**ASSIGNMENT**.
From the line that contains "Mãn nhãn màn" to the end of the entries, write out every line exactly, including both ends, and nothing more.

**WORKING DATA**.
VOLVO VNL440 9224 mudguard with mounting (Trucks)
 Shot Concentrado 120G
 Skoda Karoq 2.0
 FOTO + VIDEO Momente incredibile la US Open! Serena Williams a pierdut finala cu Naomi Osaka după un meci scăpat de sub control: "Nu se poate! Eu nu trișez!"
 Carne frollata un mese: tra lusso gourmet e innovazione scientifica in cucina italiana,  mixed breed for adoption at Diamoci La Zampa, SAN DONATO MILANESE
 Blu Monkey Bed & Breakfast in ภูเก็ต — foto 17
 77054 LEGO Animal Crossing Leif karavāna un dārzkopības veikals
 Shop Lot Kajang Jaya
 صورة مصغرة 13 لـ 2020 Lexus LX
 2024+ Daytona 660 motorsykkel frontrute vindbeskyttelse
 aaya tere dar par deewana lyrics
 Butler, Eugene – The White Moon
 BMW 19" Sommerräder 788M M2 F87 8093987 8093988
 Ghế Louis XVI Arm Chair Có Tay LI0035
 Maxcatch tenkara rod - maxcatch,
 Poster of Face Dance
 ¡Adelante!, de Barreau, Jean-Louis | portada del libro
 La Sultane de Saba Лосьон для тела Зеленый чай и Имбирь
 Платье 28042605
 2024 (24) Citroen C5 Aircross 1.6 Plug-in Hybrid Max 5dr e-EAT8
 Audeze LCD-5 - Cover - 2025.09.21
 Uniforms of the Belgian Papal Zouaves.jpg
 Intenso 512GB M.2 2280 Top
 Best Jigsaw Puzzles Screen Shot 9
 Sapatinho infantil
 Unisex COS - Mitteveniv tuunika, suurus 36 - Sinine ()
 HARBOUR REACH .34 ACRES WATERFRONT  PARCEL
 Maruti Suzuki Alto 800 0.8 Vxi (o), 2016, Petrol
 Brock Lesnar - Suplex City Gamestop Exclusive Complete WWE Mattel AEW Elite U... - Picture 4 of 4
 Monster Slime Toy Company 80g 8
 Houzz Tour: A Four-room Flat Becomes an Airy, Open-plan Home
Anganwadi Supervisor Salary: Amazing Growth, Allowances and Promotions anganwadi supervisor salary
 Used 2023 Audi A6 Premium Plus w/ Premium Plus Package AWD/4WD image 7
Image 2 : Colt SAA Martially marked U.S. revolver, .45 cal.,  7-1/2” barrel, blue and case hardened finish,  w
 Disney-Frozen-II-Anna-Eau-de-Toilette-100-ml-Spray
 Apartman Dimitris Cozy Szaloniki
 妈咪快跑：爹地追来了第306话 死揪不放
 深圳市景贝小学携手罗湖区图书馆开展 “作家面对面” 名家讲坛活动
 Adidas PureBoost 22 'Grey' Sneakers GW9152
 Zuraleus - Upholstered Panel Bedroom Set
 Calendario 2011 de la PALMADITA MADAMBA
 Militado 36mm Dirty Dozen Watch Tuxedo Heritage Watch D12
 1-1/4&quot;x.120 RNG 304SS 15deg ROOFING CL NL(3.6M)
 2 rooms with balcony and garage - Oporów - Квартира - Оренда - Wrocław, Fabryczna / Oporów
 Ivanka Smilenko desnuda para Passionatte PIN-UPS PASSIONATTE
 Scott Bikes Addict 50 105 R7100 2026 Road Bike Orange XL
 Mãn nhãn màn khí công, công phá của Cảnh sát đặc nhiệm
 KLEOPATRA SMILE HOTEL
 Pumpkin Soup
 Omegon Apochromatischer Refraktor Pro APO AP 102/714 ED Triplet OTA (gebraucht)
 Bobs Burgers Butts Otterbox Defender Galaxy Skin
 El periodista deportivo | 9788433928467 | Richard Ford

**ANSWER SECTION**.
 Mãn nhãn màn khí công, công phá của Cảnh sát đặc nhiệm
 KLEOPATRA SMILE HOTEL
 Pumpkin Soup
 Omegon Apochromatischer Refraktor Pro APO AP 102/714 ED Triplet OTA (gebraucht)
 Bobs Burgers Butts Otterbox Defender Galaxy Skin
 El periodista deportivo | 9788433928467 | Richard Ford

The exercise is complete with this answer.